# Crown Tundra



## Figment (Oct 24, 2020)

So, now that the Crown Tundra has been out for a day now, I would like to see your thoughts on it, tbh, it was fine, it definitely feels like Sword and Shield are at the very least complete games at this point now. I will just spoiler the rest of my talking.


Spoiler



1. The way you get Spiritomb is a great callback to Gen 4, even though people without Switch Online will not like it one bit.
2. The plot with Calyrex was actually kinda cool, not gonna lie.
3. I liked the fact that you could get the Swords of Justice and Keldeo now as an optional sidequest similar to the Alolan Diglett quest from the Isle of Armor.
4. I still would honestly like a bit more of my favorite Pokemon to be added back in, thankfully, the large majority are in, so that's good, the main problem I see is that why would you only add just the Hoenn starters? Dynamax Adventures could've been a really good place to add every other starter as well, I know that may be asking a lot for an extra 36 Pokemon, but those Pokemon are the most likely to be someone's favorite, as they are literally the first Pokemon you ever own, you're bound to grow attached to them.
5. The new legendaries are pretty cool, not gonna lie, and, as always with Pokemon, the new music is great.
6. Game Freak knew what they were doing with the fight with Peony at the beginning of the Crown Tundra story. You can't say "the more ultra-MEGA determined it gets!", while sending out an Aggron as your ace Pokemon, and have us not expect Megas are coming back.


----------



## Kung Fu Ferret (Oct 24, 2020)

Yesterday I caught a shiny Kantonian Moltres in my second ever raid Adventure


----------



## Hydreigon25 (Oct 24, 2020)

is it worth buying the expansion pass for the crown tundra ?


----------



## Kung Fu Ferret (Oct 24, 2020)

Hydreigon25 said:


> is it worth buying the expansion pass for the crown tundra ?


Absolutely


----------



## IndigoClaudia (Oct 25, 2020)

Crown tundra is really fun.

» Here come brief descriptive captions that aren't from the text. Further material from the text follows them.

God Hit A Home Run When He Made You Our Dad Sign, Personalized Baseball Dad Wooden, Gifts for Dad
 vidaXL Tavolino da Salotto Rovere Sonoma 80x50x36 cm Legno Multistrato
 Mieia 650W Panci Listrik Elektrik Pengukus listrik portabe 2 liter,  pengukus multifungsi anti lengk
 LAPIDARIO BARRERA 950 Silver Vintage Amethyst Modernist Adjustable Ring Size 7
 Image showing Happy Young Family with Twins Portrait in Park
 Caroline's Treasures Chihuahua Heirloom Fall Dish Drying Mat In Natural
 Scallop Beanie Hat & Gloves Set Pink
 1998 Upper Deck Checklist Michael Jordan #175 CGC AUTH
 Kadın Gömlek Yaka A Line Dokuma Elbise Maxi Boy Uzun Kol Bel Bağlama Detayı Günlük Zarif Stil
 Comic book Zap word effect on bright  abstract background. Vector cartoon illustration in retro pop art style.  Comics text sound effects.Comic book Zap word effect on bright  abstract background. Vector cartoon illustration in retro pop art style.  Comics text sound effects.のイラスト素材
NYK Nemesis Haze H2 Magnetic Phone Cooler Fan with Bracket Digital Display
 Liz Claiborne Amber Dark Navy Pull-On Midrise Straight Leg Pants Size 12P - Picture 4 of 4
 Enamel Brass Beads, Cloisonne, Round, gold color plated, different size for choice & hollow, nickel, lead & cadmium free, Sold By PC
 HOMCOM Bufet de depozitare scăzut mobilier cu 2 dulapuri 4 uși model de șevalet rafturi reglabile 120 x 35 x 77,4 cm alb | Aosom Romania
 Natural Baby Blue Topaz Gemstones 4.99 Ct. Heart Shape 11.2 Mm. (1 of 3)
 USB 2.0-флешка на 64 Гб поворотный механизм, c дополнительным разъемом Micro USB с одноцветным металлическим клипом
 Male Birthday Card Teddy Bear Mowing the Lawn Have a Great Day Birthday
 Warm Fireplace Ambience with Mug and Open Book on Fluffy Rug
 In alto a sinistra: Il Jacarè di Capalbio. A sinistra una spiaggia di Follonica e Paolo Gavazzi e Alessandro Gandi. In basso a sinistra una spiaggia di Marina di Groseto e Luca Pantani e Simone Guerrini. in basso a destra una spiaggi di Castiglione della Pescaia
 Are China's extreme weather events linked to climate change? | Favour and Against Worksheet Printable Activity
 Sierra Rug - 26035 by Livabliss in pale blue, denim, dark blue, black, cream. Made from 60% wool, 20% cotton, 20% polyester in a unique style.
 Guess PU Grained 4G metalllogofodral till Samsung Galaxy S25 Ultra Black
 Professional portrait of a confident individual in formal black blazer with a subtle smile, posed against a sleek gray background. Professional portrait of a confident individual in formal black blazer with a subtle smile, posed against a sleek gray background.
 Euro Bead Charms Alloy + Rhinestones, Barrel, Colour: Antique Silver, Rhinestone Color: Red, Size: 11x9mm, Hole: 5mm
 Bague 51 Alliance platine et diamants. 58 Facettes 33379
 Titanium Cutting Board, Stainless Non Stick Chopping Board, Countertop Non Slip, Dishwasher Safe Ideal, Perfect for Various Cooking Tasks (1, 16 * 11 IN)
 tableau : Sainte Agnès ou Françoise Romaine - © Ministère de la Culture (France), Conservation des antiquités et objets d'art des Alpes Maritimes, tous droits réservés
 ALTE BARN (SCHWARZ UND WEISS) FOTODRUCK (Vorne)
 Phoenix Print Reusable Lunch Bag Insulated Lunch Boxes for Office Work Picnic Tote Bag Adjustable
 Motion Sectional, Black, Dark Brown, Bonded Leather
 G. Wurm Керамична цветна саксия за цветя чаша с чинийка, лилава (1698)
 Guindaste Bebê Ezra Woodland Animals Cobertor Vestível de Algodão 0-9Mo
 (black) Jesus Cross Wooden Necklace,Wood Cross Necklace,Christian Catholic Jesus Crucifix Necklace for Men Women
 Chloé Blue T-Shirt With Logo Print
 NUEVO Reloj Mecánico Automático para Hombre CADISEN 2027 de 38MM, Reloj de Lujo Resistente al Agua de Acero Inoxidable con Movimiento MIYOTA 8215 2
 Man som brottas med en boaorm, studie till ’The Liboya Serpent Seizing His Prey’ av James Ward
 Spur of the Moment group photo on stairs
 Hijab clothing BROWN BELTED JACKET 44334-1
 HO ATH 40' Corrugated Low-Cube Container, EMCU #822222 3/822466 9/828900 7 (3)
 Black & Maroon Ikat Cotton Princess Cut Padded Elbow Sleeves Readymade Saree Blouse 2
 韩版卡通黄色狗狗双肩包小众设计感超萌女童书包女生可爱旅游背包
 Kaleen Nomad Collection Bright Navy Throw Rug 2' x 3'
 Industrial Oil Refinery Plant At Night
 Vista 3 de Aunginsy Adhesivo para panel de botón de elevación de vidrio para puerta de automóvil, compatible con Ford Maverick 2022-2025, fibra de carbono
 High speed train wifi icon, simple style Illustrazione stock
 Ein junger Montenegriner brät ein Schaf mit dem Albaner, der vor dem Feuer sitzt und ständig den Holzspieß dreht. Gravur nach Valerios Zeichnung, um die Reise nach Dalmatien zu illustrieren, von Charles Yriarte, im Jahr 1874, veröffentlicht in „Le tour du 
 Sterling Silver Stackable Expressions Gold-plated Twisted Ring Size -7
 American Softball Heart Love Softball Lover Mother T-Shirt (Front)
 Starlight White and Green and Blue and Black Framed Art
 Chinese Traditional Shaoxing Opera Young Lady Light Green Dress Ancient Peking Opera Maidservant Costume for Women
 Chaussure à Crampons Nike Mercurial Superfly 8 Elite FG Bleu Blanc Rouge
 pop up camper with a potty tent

A bit short, but a lovely adventure nonetheless


----------



## Kung Fu Ferret (Oct 25, 2020)

I got a shiny Drednaw after a failed attempt on Zygarde


----------



## IndigoClaudia (Oct 26, 2020)

I'm shiny hunting for Tapu Koko/Zygarde/Any other cool legendary


----------



## Stryke (Oct 27, 2020)

I found a shiny Claydol by chance that used Explosion on me


----------



## Zero Moment (Oct 27, 2020)

Stryke said:


> I found a shiny Claydol by chance that used Explosion on me


big fucking F my dude


----------



## IndigoClaudia (Jan 15, 2021)

I got shiny tapu koko at last ;__;


----------